The Holistic Role of Survivorship Nurses

Posted on October 21, 2020 by Jamie Walden
Jamie Walden

Dr. Leigh Minchew wearing a mask talking to a patient. data-lightbox='featured'

The medical term for living with and beyond a cancer diagnosis is known as the survivorship phase. For many patients, survivorship discussions and future planning begins as early as day one of diagnosis. Oncology nurses are at the forefront of patient-centered cancer care and work to ensure that patients with all prognoses are able to plan for their future accordingly—whatever that future may hold.

According to Dr. Leigh Minchew, Assistant Dean for Academic Affairs and Associate Professor at USA College of Nursing and a Gynecologic Oncology Nurse Practitioner at the Mitchell Cancer Institute, the role of the nurse in cancer survivorship is a holistic one. “It’s important to note that survivorship begins at the diagnosis—from there, as nurses we’re involved in so many different aspects of the patient’s life. Psychological, spiritual, physical, emotional—cancer impacts so many areas that as nurses, we have to work to promote the realization of health in all regards,” says Dr. Minchew

Addressing patients’ quality of life, health promotion, and long-term care doesn’t begin after they’ve completed their treatment cycle. Managing the issues associated with survivorship can start even before the first treatment appointment and certainly extend to months and even years beyond when a patient is able to ring the bell that signifies their last treatment has been completed. And the role of nurses goes far beyond technical skills. They must advocate for their patients on many levels.

“When it comes to survivorship, one of the biggest roles of the nurse is to realize and identify gaps in patient access to health maintenance activities. For instance, if a patient has an issue feeling connected to their environment or is having trouble with securing proper transportation to and from treatment, that’s where we step in to facilitate bridging that gap,” she explains. “It’s so important for survivorship nurses to pay close attention to what’s going on in the patient’s environment outside of the health care arena to truly meet  the needs of the patient.”

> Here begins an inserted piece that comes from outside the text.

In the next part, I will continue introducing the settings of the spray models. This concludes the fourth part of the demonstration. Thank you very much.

Dr. Minchew notes that there can be a variety of challenges that occur for individuals as after-effects of cancer care. From strains on personal relationships to physical issues like neuropathy, a variety of complications can arise that nurses must be willing to assist in mitigating. “It’s not always an issue in need of a medication solution,” she says. “Sometimes, it’s just being able to recommend the right shoes to help with neuropathy or understanding how the patient is adjusting to life beyond cancer.”

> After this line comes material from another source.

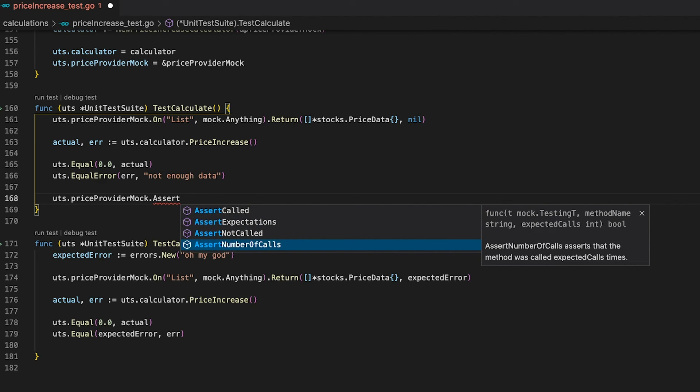Lastly, we have AssertNumberOfCalls. You can use it to verify that a function of your mock was called a specific number of times. For example, if we had five different Slack channels each needing a message when the price increases above 100, we can assert that the Send function of the notifier got called exactly five times. As you can see, the mock assert functions let you verify that the code using the mock actually behaves correctly.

A considerable aspect of survivorship is the way a cancer diagnosis—even one with a positive prognosis—severely alters the course of the individual’s life. “Cancer changes everything for patients and their families. There can be a lot of grief over the fact that plans have to change and paths must often shift. This is where nurses come in—I’ve seen so many of our team members step up to help patients adjust their perspective or offer support for what the individual is going through.”

Another noteworthy aspect of this career path is its viability. “Aside from the emotional and psychological benefits of being a survivorship nurse, we’ve seen that there will always be a need for this position. People will always need the delivery of care, which is primarily what we do as nurses.”

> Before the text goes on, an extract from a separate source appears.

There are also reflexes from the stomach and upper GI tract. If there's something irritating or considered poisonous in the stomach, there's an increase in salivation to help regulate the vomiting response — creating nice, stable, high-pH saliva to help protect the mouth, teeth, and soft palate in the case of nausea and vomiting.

The role of a survivorship nurse is a critical one, but it’s more of a calling than simply a career path. Dr. Minchew notes that the rewards associated with ushering patients through their survivorship journey far outweigh the challenges. “It truly is the most rewarding career. Of course, there are good days and not-so-good days, and it can be very emotional for the nurse as well. However, being able to facilitate personal growth and helping our patients feel connected to whatever they need to feel their personal best is an incredible blessing,” she says.